The entire chapter is worth reading, but St Bonaventure (a mythic and a theologian (really, can you be one or the other?) writes regarding the proper senses/lens in reading Scripture as Christians:

1. Finally, there is depth in the Scriptures, deriving from their several figurative meanings. Many Scriptural passages have, besides the direct sense, three other significations: the allegorical, the moral, and the anagogical. Allegory consists in this: that one thing signifies another thing which is in the realm of faith; moral teaching, or tropology, in this: that from something done, we learn another thing that we must do; anagogy, or lifting up, in this: that we are given to know what to desire, that is, the eternal happiness of the elect.

2. It is entirely logical for Scripture to have a threefold sense in addition to the literal: such amplitude consorts with its content, its hearer or disciple, its origin, and its end.
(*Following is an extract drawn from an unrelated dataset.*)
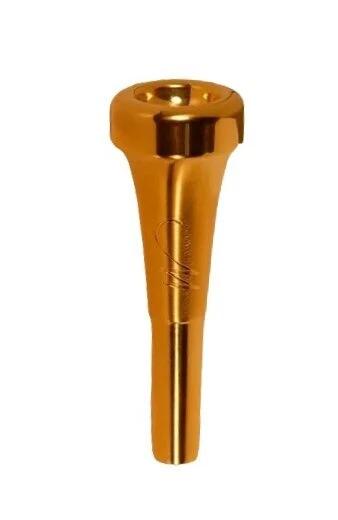 Monette UNITY B2 Monette Unity Trumpet Mouthpiece – Woodsy's Music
It consorts with its content, for Scriptural teaching is concerned with God, with Christ, with the works of salvation, and with the things of faith.—God is the Being covered by the Scriptures; Christ is the Power; the works of salvation are the action; and the things of faith are the sum of all three aspects.—Now, God is triune: one in essence and trine in the Persons; hence. Scripture, proceeding from Him, has a threefold sense beneath one and the same literal text. Again, Christ being the one Word, all things are said to have been made through Him (Jn. 1:3), and all things shine within Him (Col. 2:3), so that His wisdom is both manifold and one. Next, the works of salvation, though many, are all fundamentally related to the one sacrifice of Christ. Finally, the light given forth by the things of faith as such varies with the state of the believer.

Scripture, then, answering to all these circumstances, gives us a number of meanings from a single text.

This method of Scripture allows the Christian to encounter Christ, rather than merely consume data and plot points.